Born in the town of Kolašin, he earned a doctorate degree in law and became the Minister of Justice and Finance in the Kingdom of Montenegro before the outbreak of World War I. During the interwar period, he was a leading member of the "Greens" (zelenaši), a Montenegrin separatist movement. A proponent of the theory that Montenegrins were an ethnic group distinct from Serbs, he also founded and became the leader of the Montenegrin Federalist Party.
Following the Axis invasion of Yugoslavia in April 1941, Drljević began cooperating with the Italian authorities occupying Montenegro. In July, he proclaimed the reestablishment of the Kingdom of Montenegro, but his attempt to establish an Axis-aligned puppet state triggered an immediate uprising. That September, Italian authorities sent him to an internment camp in Italy after the oubreak of an anti-fascist revolt. Drljević escaped the camp several months later and made his way into the German-held half of the Independent State of Croatia (NDH). In the summer of 1944, he created the Montenegrin State Council in Zagreb.
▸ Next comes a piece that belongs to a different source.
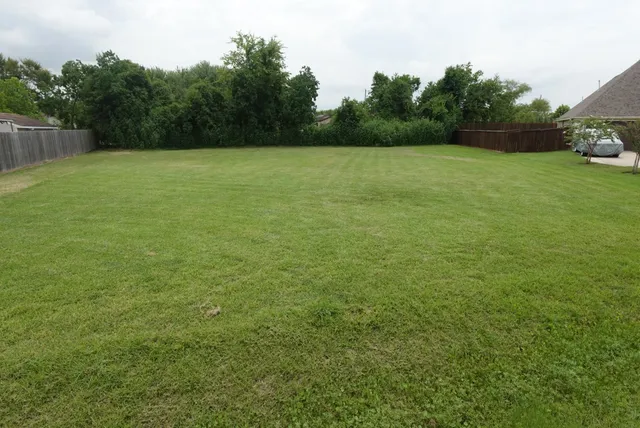 a view of a field with an trees in the background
Drljević moved back to Montenegro in 1945 and agreed to the formation of the Montenegrin National Army with Chetnik commander Pavle Đurišić. Đurišić and several other Chetnik commanders were later ambushed and murdered on behalf of Drljević and the NDH. Đurišić's men later joined Drljević's Montenegrin National Army and withdrew with him towards the Austrian border. In mid-1945, Drljević crossed over into Austria with his wife, and the two ended up in a camp for displaced persons in Judenburg, where they were killed by Chetnik agents seeking to avenge Đurišić's death.